WHAT THE TASK REQUIRES. Copy the records below exactly, from the line containing "Cottee's Apricot Jam 500gm" through the last line, and leave out every picture.

[Brief descriptive captions]
• • • •

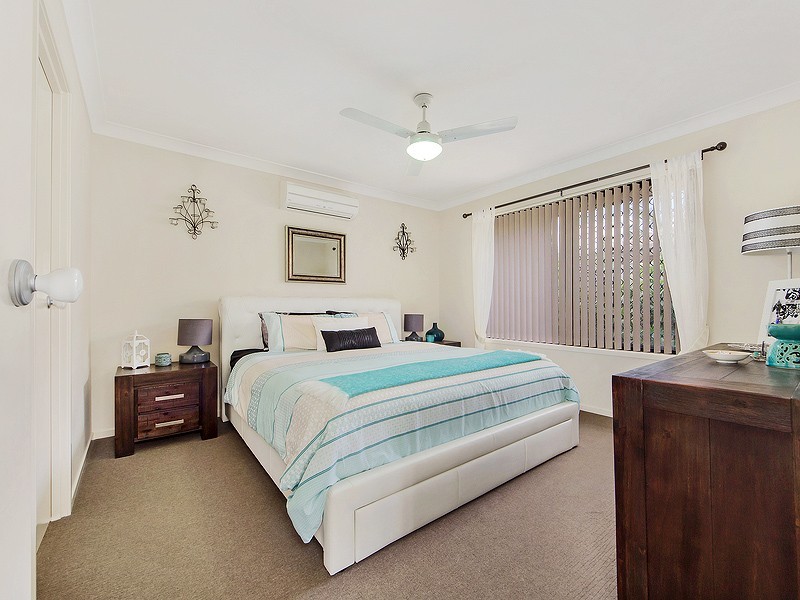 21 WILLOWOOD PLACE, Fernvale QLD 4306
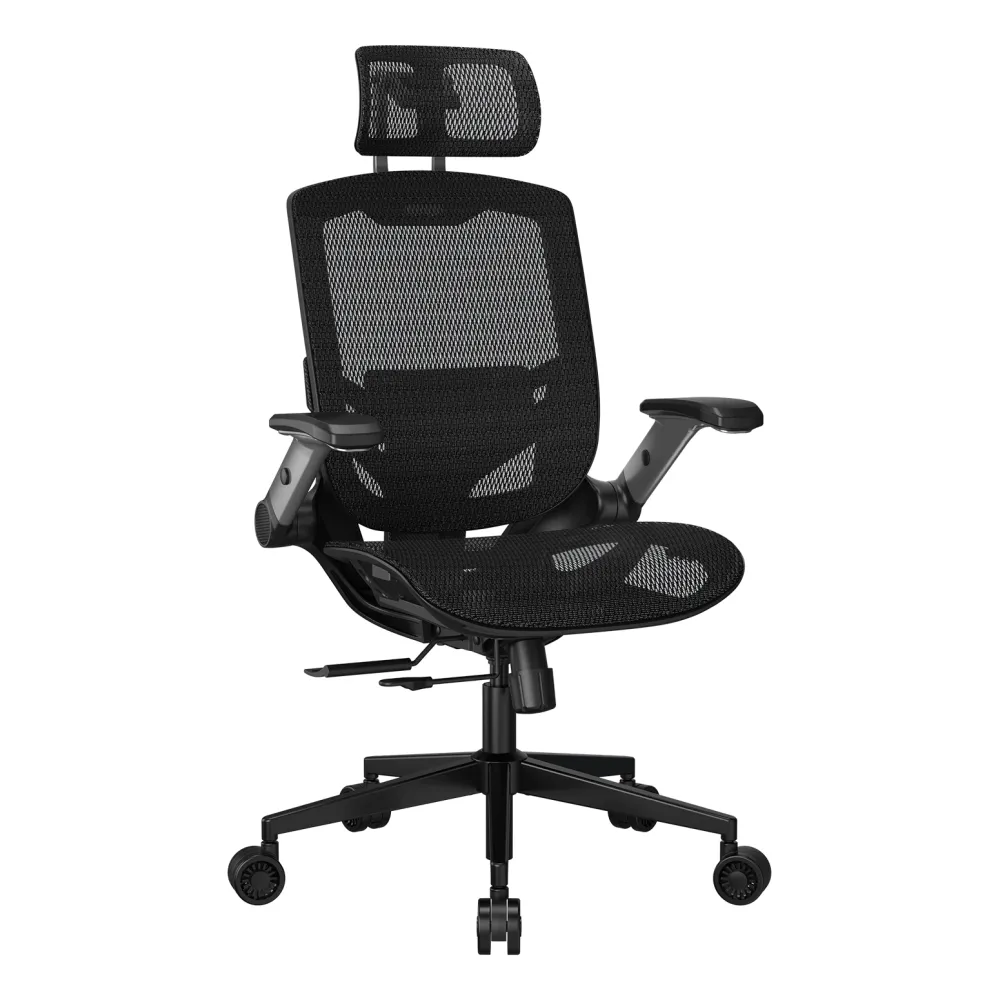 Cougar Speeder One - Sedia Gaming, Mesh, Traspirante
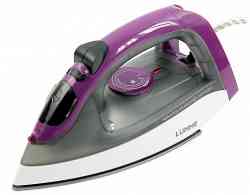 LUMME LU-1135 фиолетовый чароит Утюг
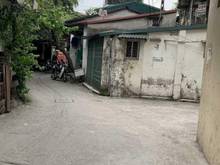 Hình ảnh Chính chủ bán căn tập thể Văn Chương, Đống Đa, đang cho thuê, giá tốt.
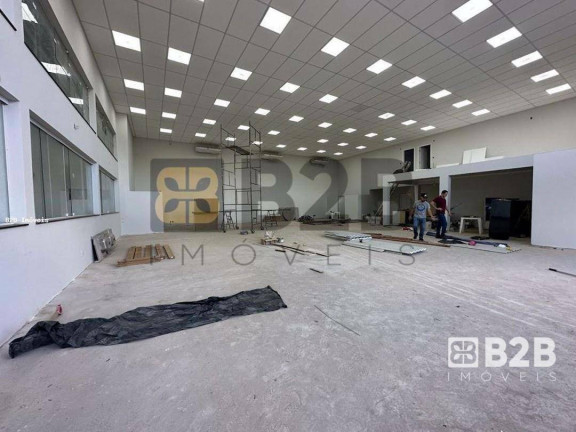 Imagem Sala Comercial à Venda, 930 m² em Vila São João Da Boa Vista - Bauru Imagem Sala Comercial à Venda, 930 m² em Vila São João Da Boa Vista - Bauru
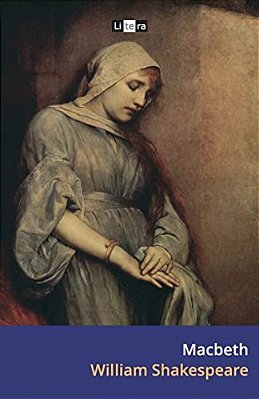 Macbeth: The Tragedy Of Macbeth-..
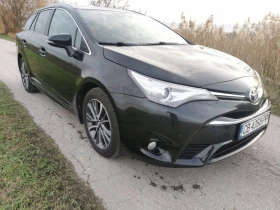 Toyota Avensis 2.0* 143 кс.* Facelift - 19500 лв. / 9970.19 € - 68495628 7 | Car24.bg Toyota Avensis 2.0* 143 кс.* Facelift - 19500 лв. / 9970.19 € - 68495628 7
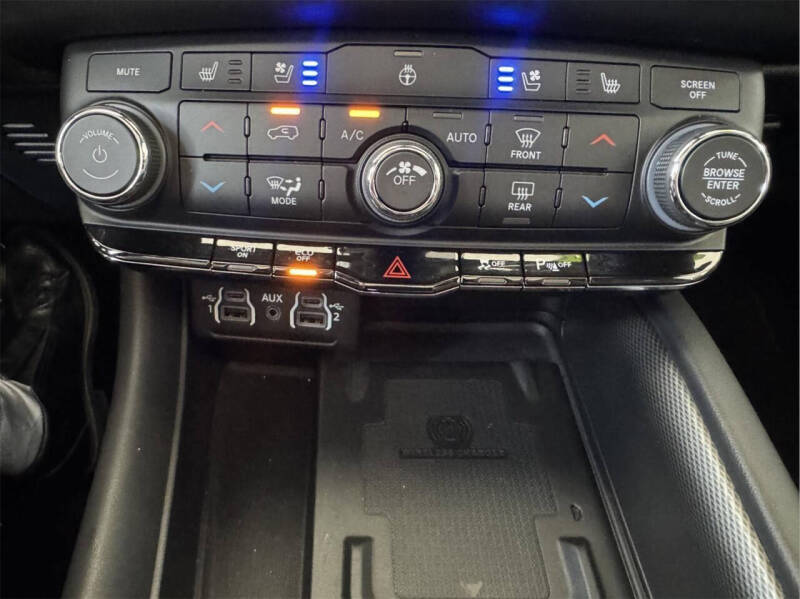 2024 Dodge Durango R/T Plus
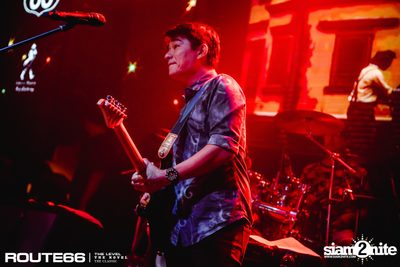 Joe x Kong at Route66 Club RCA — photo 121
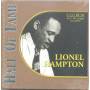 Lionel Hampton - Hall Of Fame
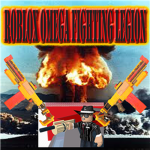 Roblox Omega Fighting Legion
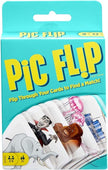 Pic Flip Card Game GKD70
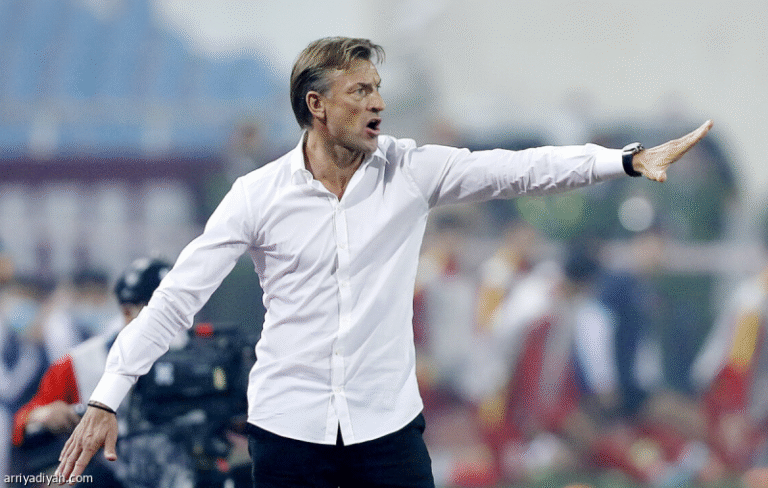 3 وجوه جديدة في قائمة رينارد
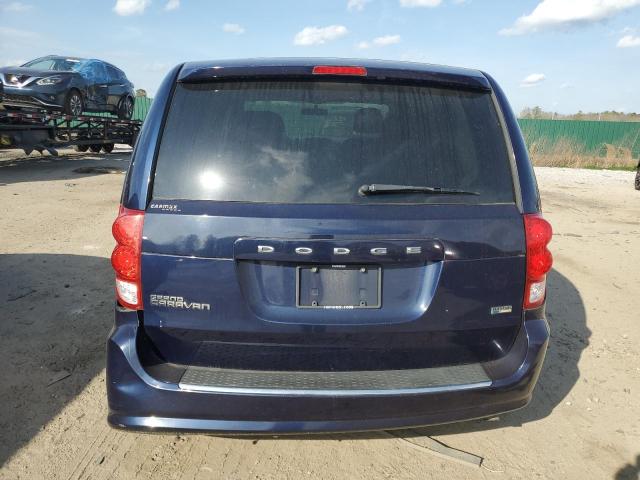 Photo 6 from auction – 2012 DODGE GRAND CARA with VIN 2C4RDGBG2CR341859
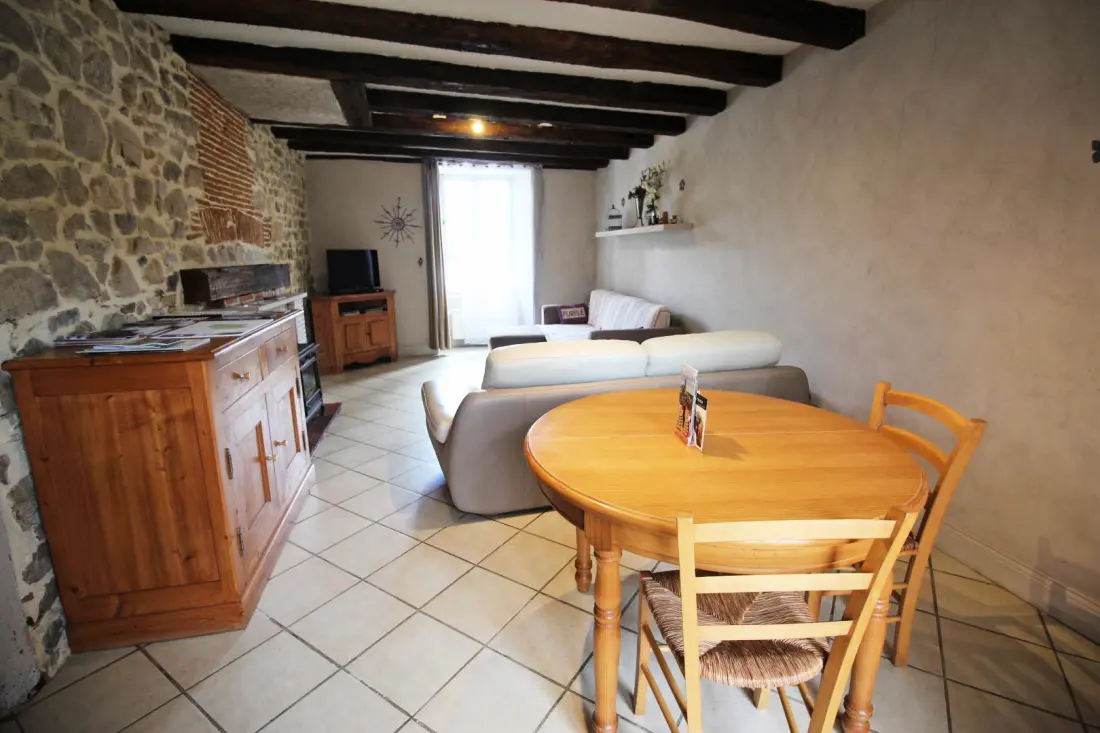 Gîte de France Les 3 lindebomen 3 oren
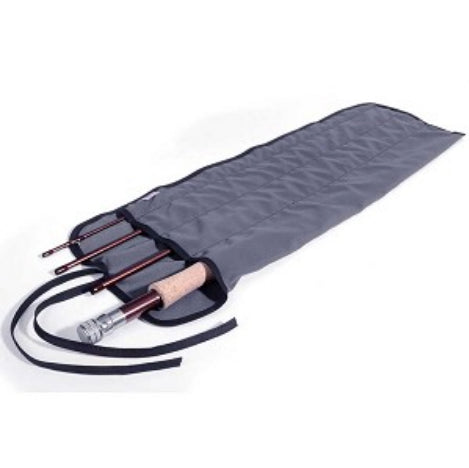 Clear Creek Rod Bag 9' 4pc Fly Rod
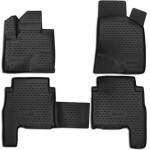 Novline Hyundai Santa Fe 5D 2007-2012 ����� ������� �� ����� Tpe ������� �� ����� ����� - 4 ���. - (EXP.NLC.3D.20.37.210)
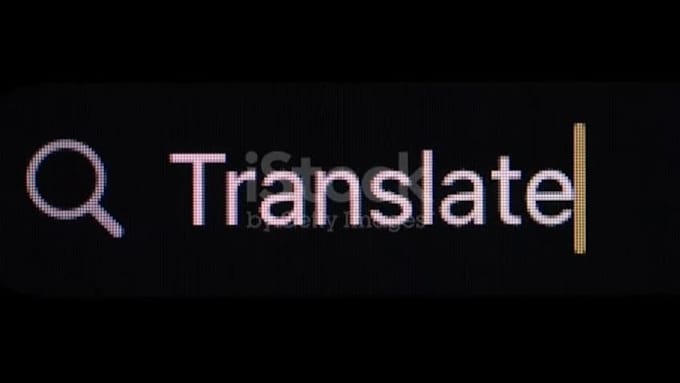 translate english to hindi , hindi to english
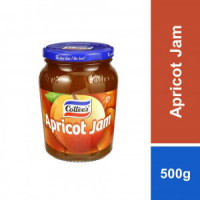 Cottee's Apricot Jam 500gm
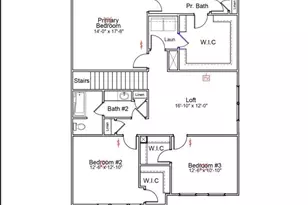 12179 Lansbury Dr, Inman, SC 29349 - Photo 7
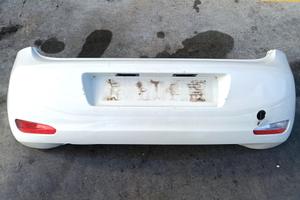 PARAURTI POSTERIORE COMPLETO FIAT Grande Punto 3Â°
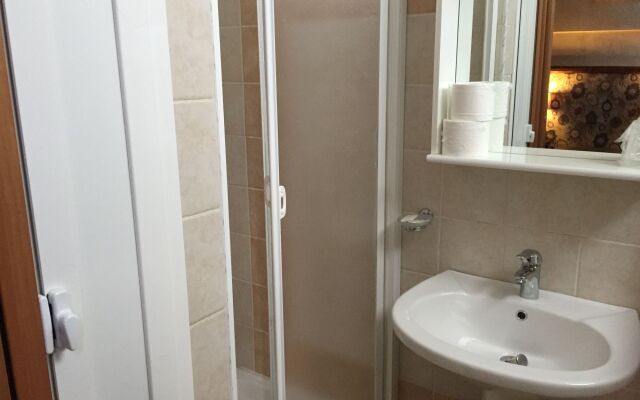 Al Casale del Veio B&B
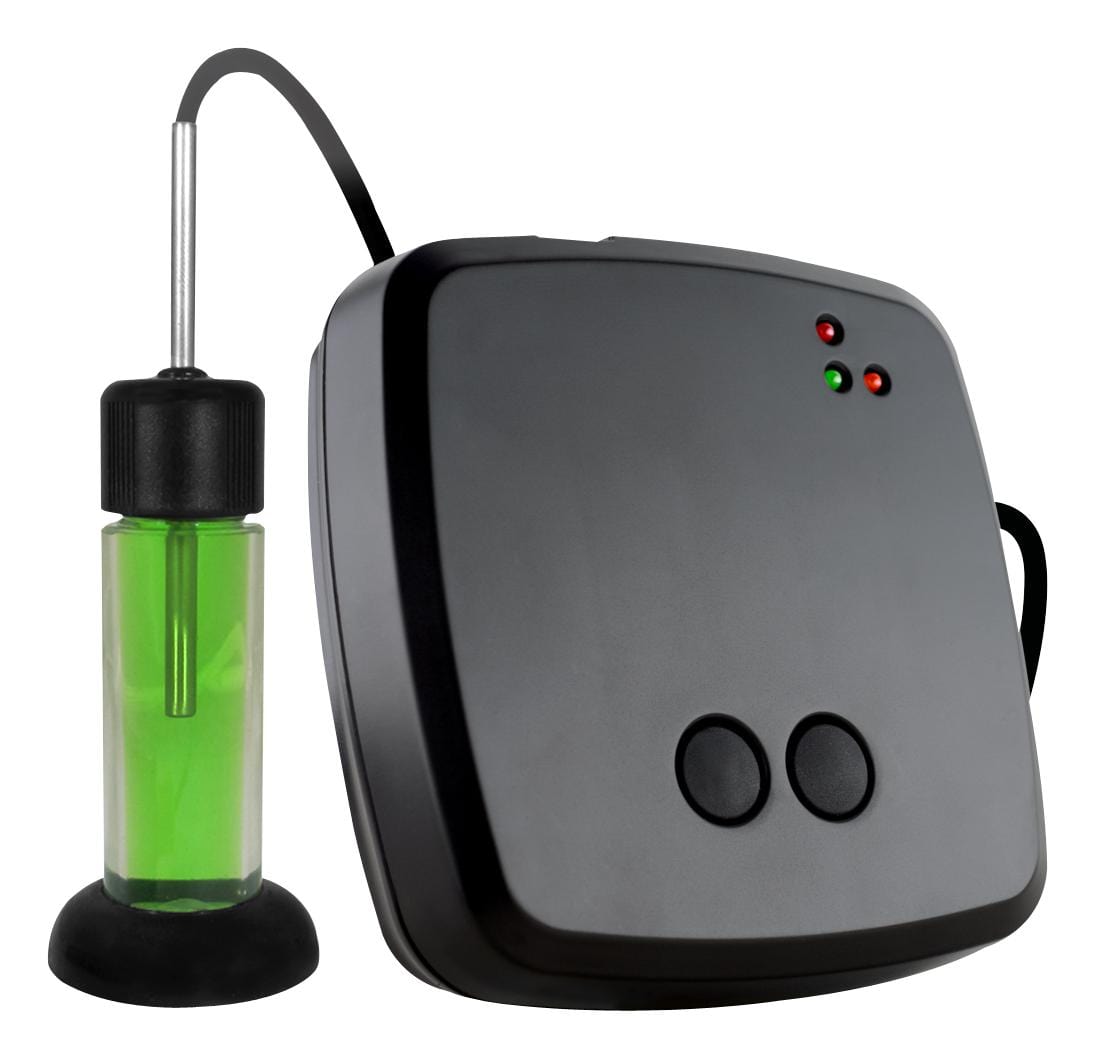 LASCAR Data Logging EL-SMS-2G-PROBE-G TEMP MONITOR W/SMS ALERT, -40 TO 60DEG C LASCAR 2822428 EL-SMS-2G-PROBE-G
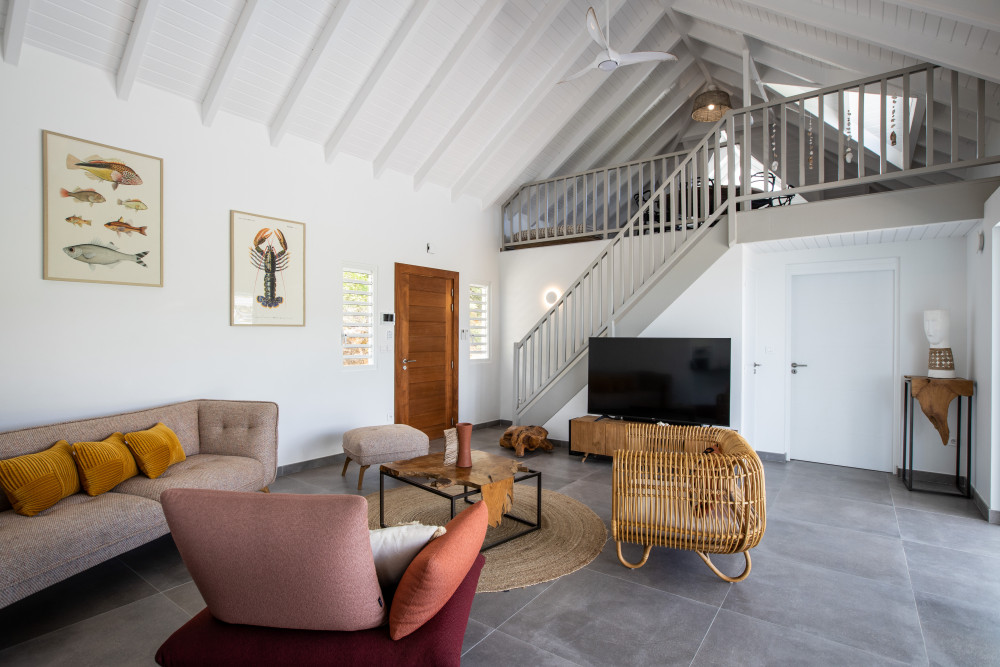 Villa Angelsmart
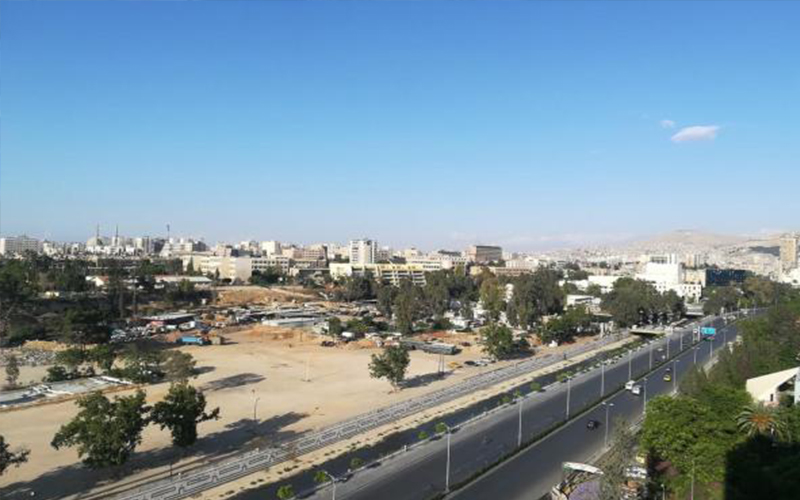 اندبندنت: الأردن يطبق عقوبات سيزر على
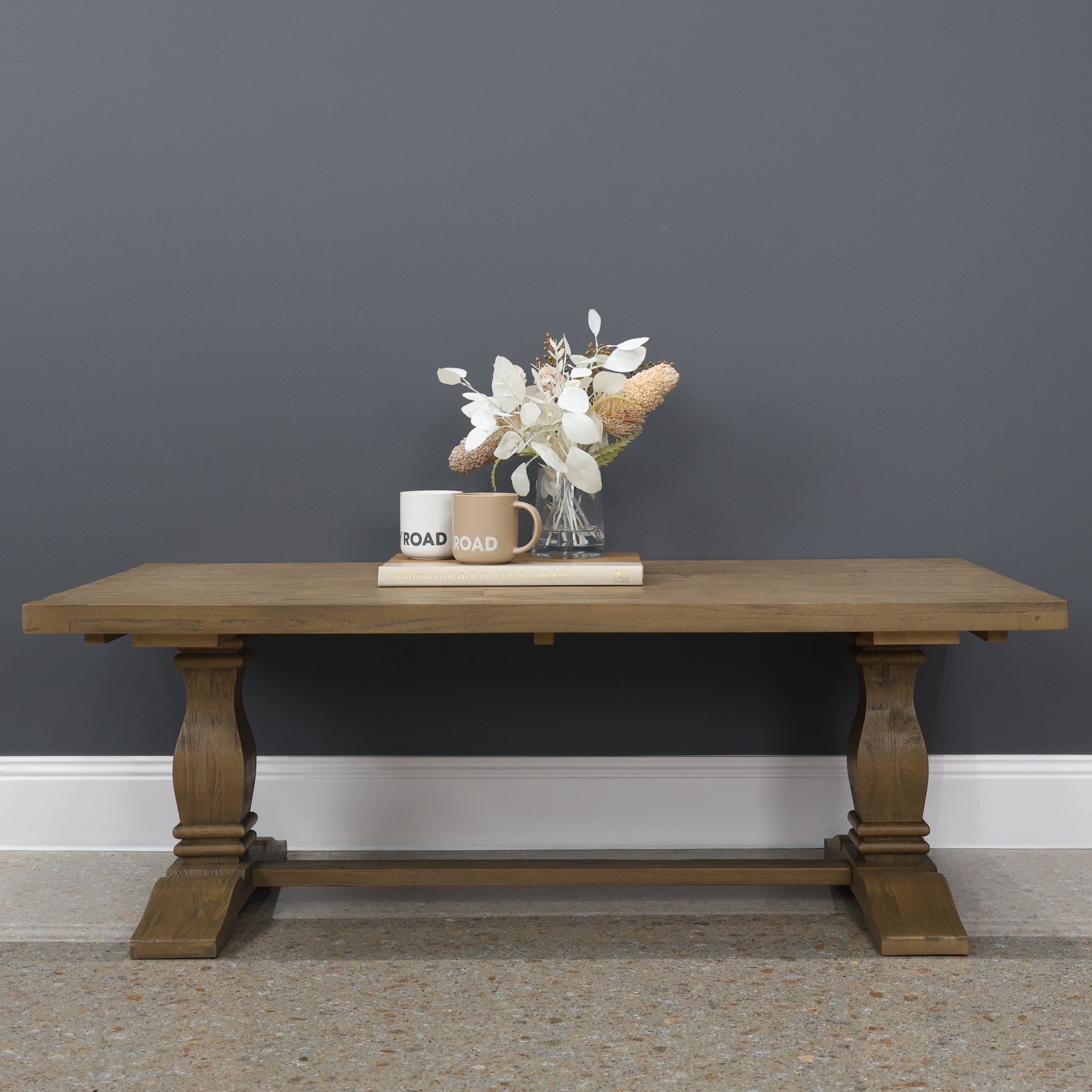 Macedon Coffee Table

• • • •

WRITTEN REPLY.
 Cottee's Apricot Jam 500gm
 12179 Lansbury Dr, Inman, SC 29349 - Photo 7
 PARAURTI POSTERIORE COMPLETO FIAT Grande Punto 3Â°
 Al Casale del Veio B&B
 LASCAR Data Logging EL-SMS-2G-PROBE-G TEMP MONITOR W/SMS ALERT, -40 TO 60DEG C LASCAR 2822428 EL-SMS-2G-PROBE-G
 Villa Angelsmart
 اندبندنت: الأردن يطبق عقوبات سيزر على
 Macedon Coffee Table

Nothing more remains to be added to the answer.